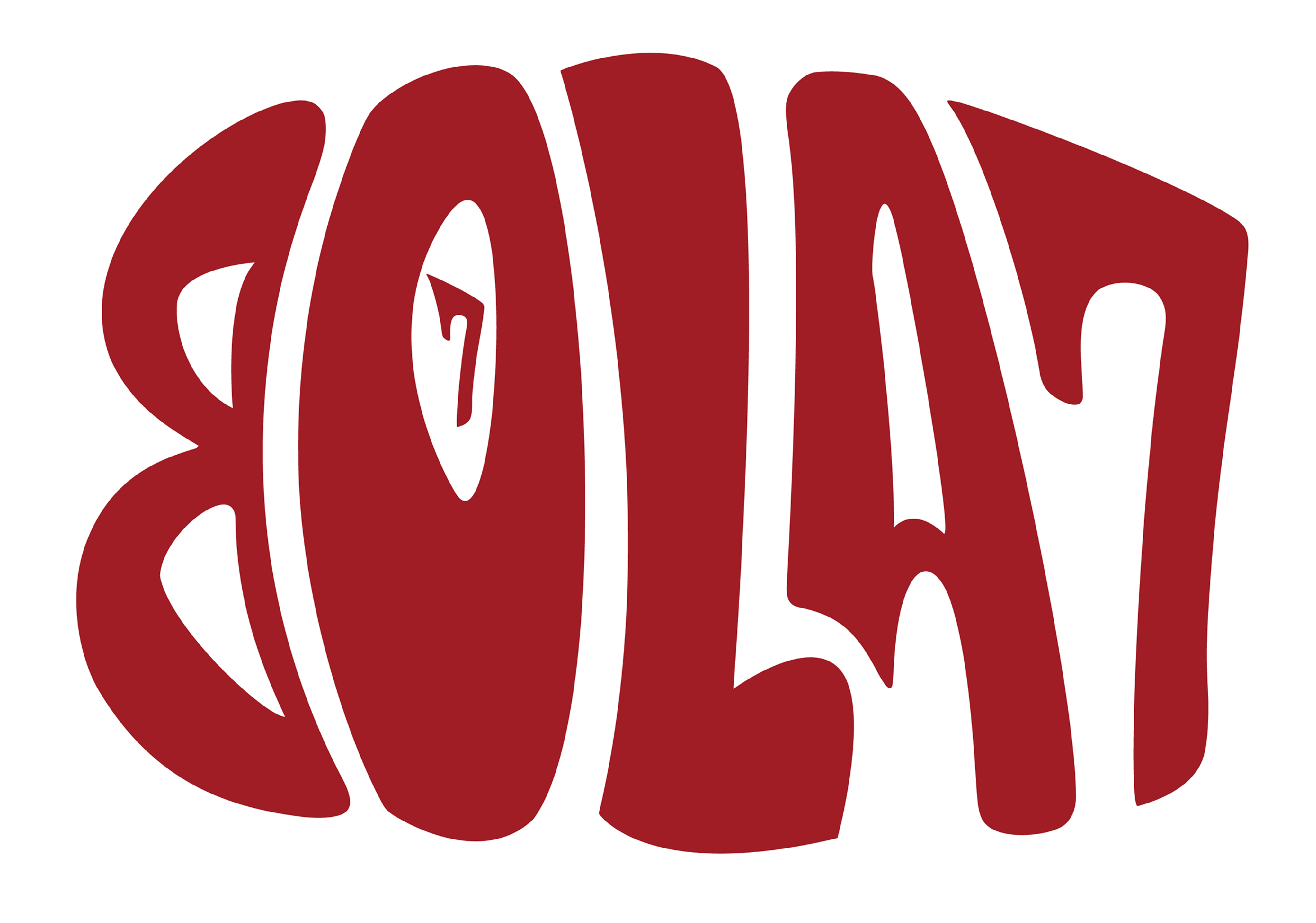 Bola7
..........
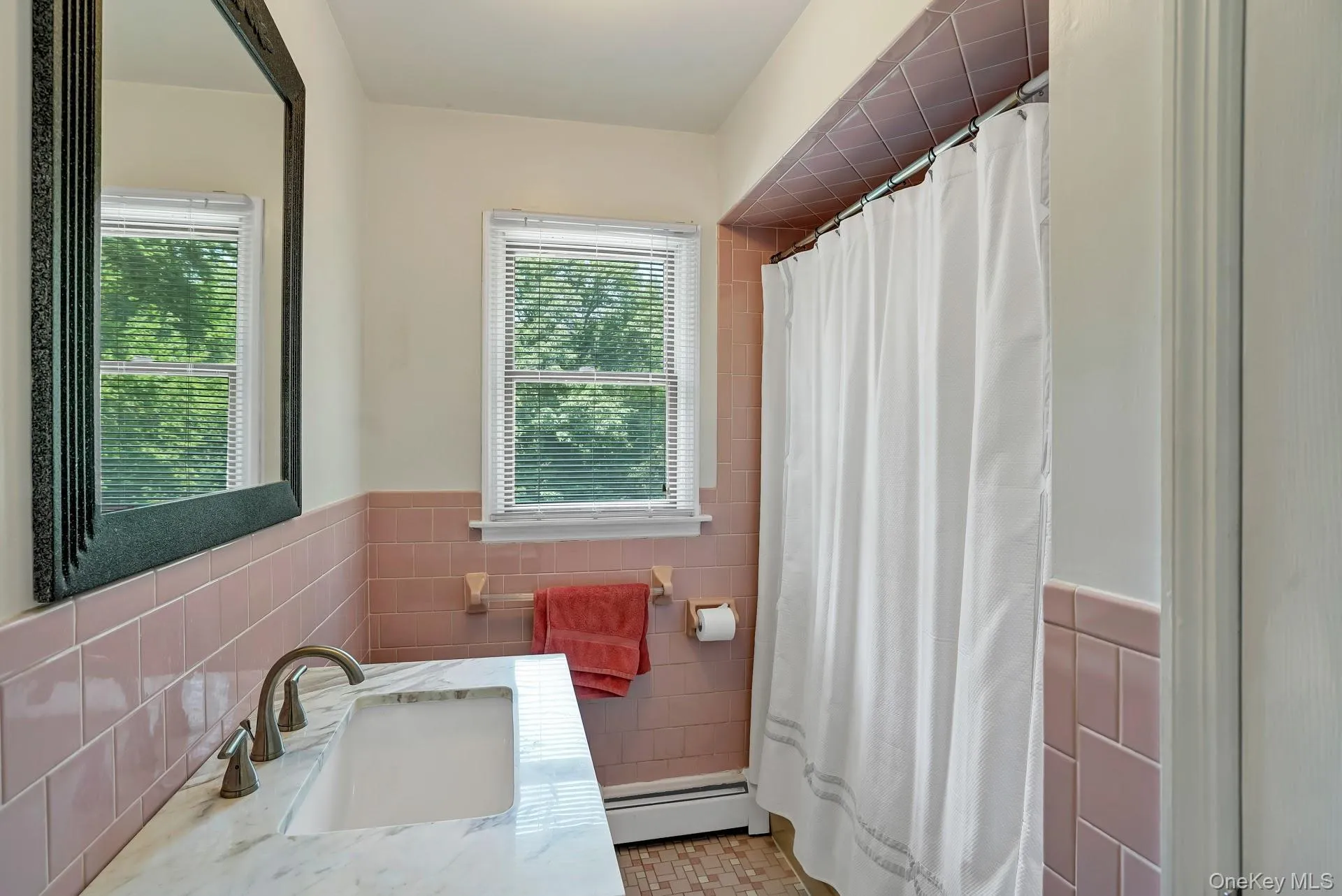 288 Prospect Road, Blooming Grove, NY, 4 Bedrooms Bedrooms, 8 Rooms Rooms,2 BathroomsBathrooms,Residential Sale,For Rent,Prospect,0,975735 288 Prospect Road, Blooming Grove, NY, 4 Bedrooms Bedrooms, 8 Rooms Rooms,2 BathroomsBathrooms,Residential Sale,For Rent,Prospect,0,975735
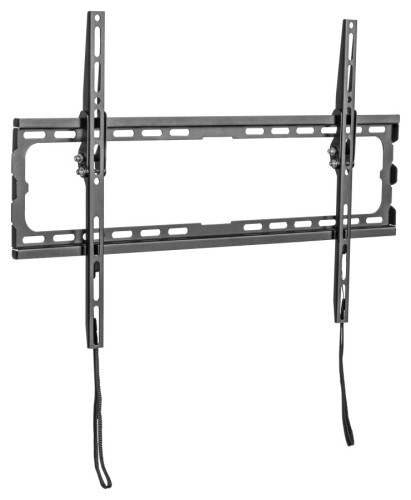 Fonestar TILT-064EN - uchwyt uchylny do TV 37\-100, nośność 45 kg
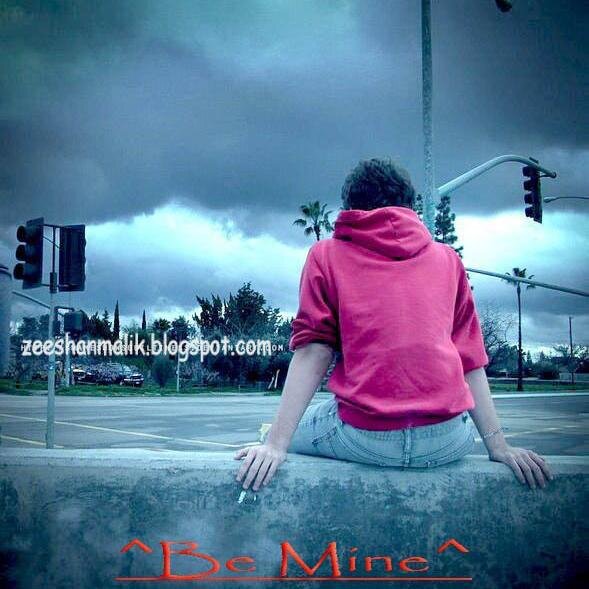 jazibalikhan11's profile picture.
..........
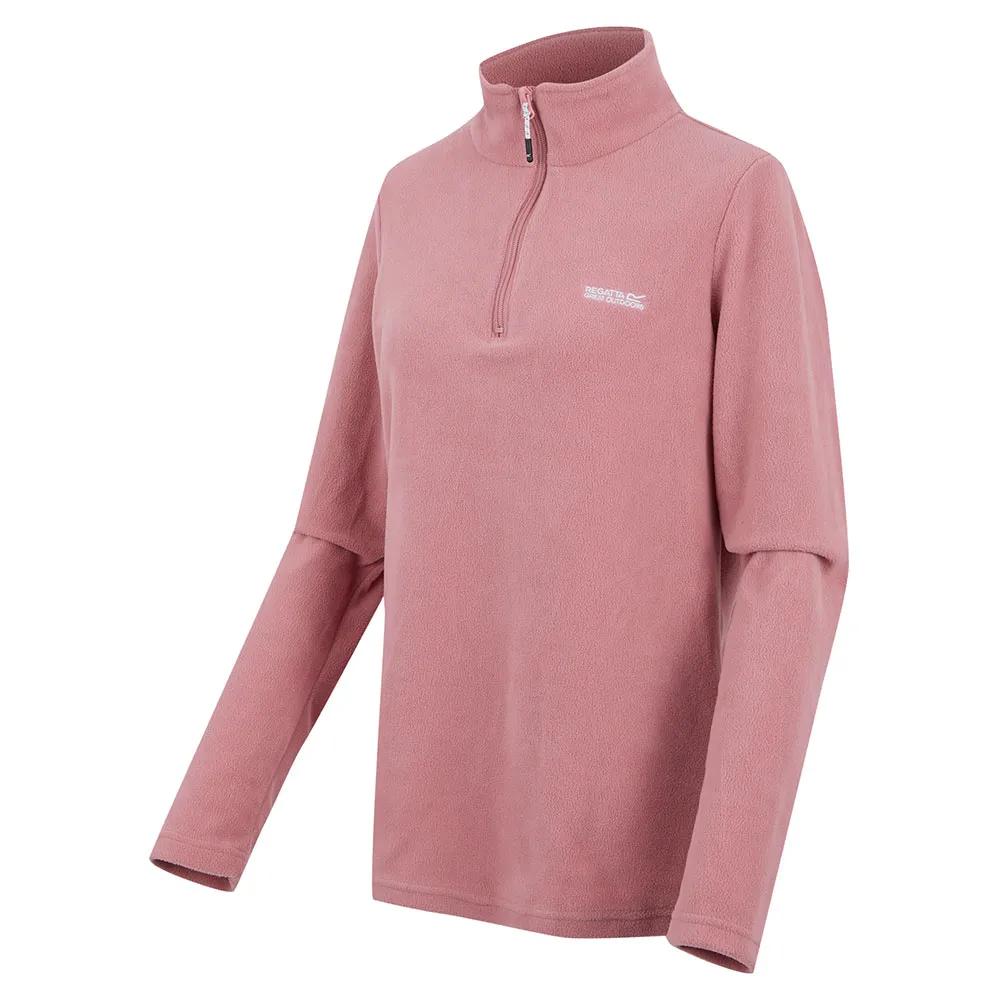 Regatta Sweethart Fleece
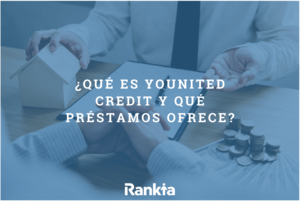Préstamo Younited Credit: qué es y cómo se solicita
..........
Work required
Copy needed, without pictures: the lines of the listing above from the line containing "Fonestar TILT-064EN - uchwyt" up to and including the line containing "jazibalikhan11's profile picture.", set down exactly.

Completed exercise
 Fonestar TILT-064EN - uchwyt uchylny do TV 37\-100, nośność 45 kg
 jazibalikhan11's profile picture.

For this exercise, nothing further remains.